Now imagine that times three and you would have my life if every class was like testing. Yuck.
No one has quit today. Yet. I have had temper tantrums, like when J. hit a passage he felt was too long after all the other reading he'd done. He's in the back corner cursing to himself as our state auditor walks in. And what am I supposed to do - kick him out for being legitimately frustrated? Not gonna happen. So I break protocol and whisper him down. Just a couple sentences is enough. "You can do this. Take a deep breath. Just keep going." Tick tick tick on the auditor's clipboard.

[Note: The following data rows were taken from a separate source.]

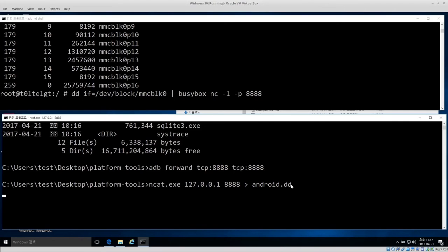To clean up, uninstall the BusyBox utilities from the phone, remove root access, and remove both the KingoRoot and BusyBox applications from the phone. Be aware this process does change things on the phone, so be prepared to explain what you changed and why. That's pretty much it for how to acquire an Android physical disk image from Windows — it's almost exactly the same as Linux, just using a few tools like ncat that aren't built in. Thanks everyone.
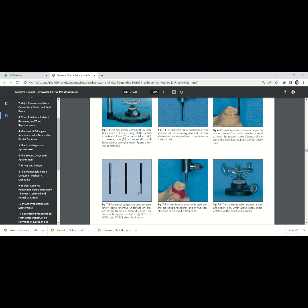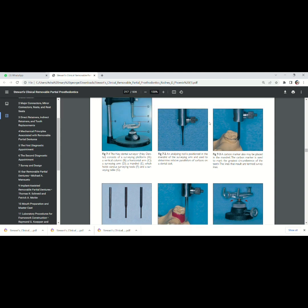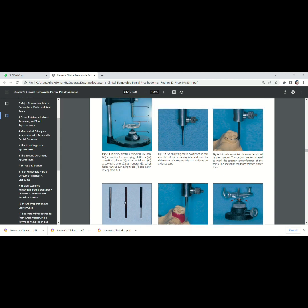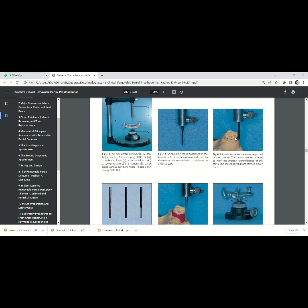So we can attach these undercut gauges onto the surveying arm. And if we place the cast over the cast holder, we can measure the undercut.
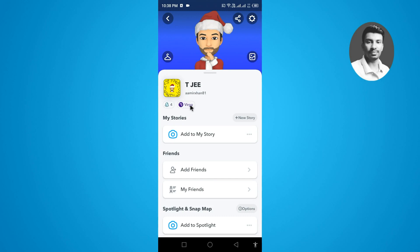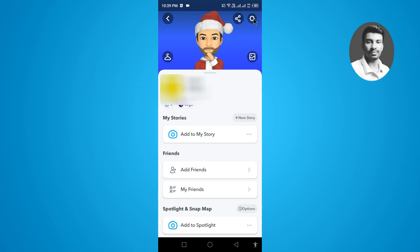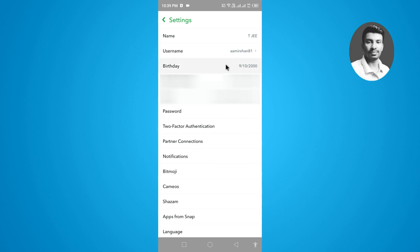If you want to change your zodiac sign, you need to first change your birthday. Tap on the settings gear icon, then tap on the birthday option that you want to change.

Another student has been pulling at his hair since he started his test. At one point I look over at him and he's pulled himself a pencil-eraser sized bald spot on the side of his head. So I make him a tape ball out of masking tape and hand it to him. Better to keep his fingers busy with the smooth and sticky tape ball than pull out all the hair on the left side of his head. He has severe attention deficit problems, and being made to sit still for four hours is enough to stress this kid out - before you even ask him to read on grade-level.
In the end, Tape-ball Kid doesn't make it all the way through and circles random answers for his second to last passage, and J. has another meltdown when he finishes before the others, only to find that he has to sit quietly, bored, for the next 45 or 50 minutes it takes for all his testing classmates to finish as well. This time I have to ditch my proctor and pull him in the hall to get him back from the brink of punching something. It probably doesn't help that J. doesn't seem to like me in the first place, and has repeatedly made it known that he would rather be anywhere than in a classroom with me. Maybe he could sit quietly for Mr. N.
Oh testing. I can't believe I get to deal with you for three more days. [Grimace.]